_Data excerpts_
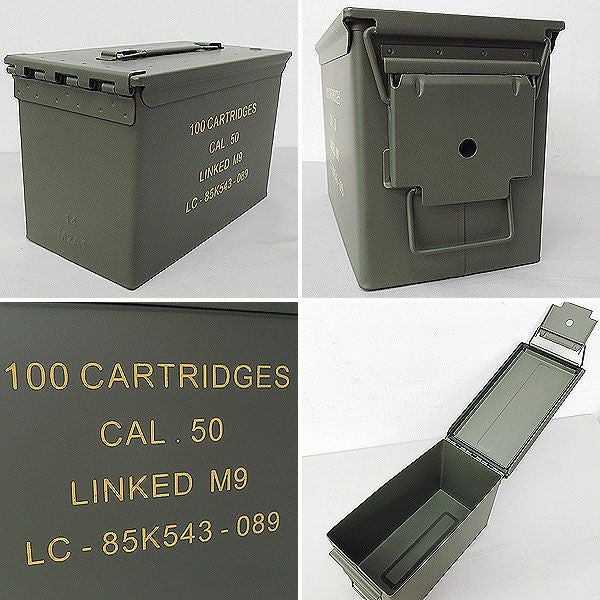米軍タイプ アンモボックス 50CAL #BX107YN 弾薬箱 アーモ缶 アーモ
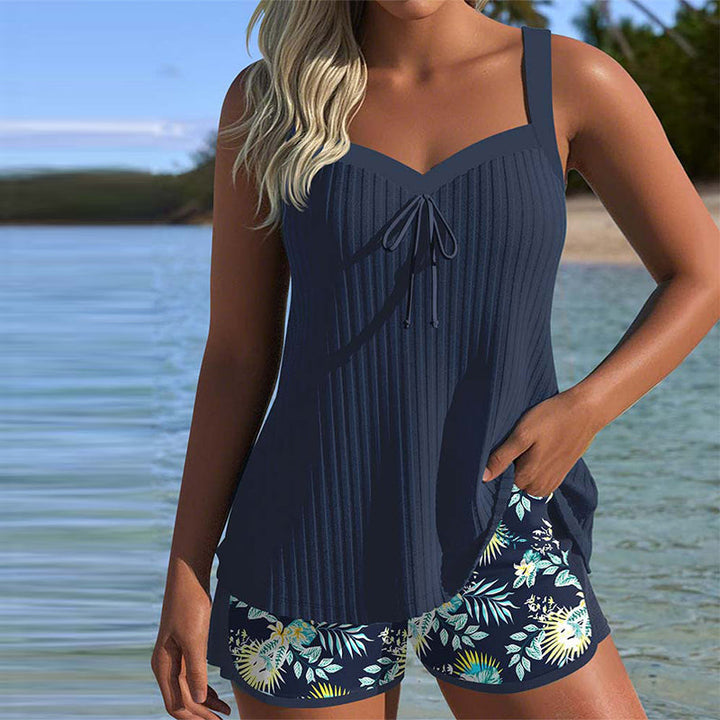 Giulia | Tankini Donna Elegante Modellante Estivo Comodo con Pantaloncini 0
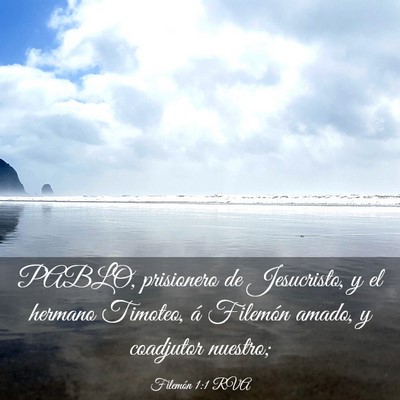 Picture 03 - Filemón 1:1 RVA - PABLO, prisionero de Jesucristo, y el hermano - Bible Verse Picture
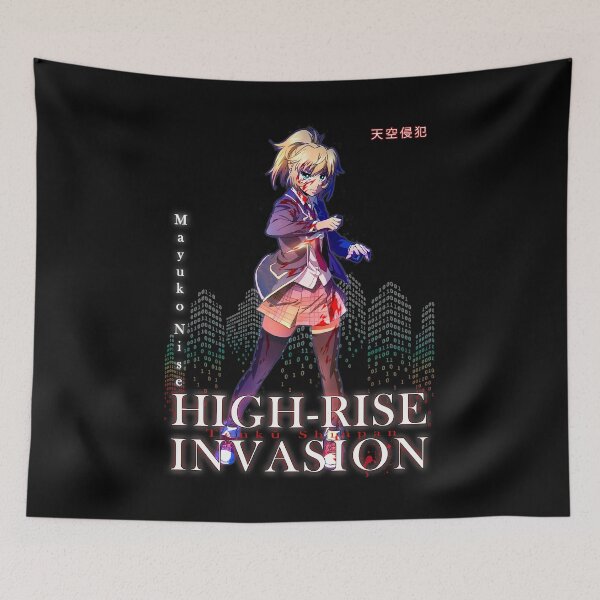 Item preview, High Rise Invasion Mayuko Nise Poster designed and sold by Mr-Whatever.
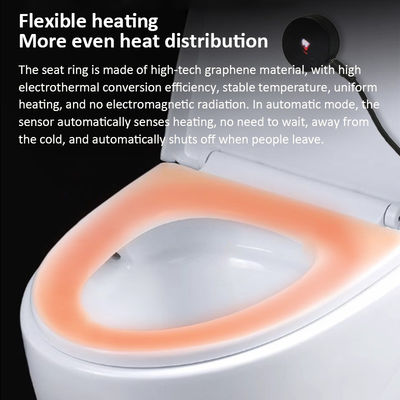 Tecnología de calefacción por grafeno Pad de cubierta del asiento del inodoro lavable con temperatura ajustable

_EXERCISE_
Please set down exactly the lines from the first line of the data above through the line with "Item preview, High", both included, leaving out the pictures.

_EXERCISE OUTPUT_
米軍タイプ アンモボックス 50CAL #BX107YN 弾薬箱 アーモ缶 アーモ
 Giulia | Tankini Donna Elegante Modellante Estivo Comodo con Pantaloncini 0
 Picture 03 - Filemón 1:1 RVA - PABLO, prisionero de Jesucristo, y el hermano - Bible Verse Picture
 Item preview, High Rise Invasion Mayuko Nise Poster designed and sold by Mr-Whatever.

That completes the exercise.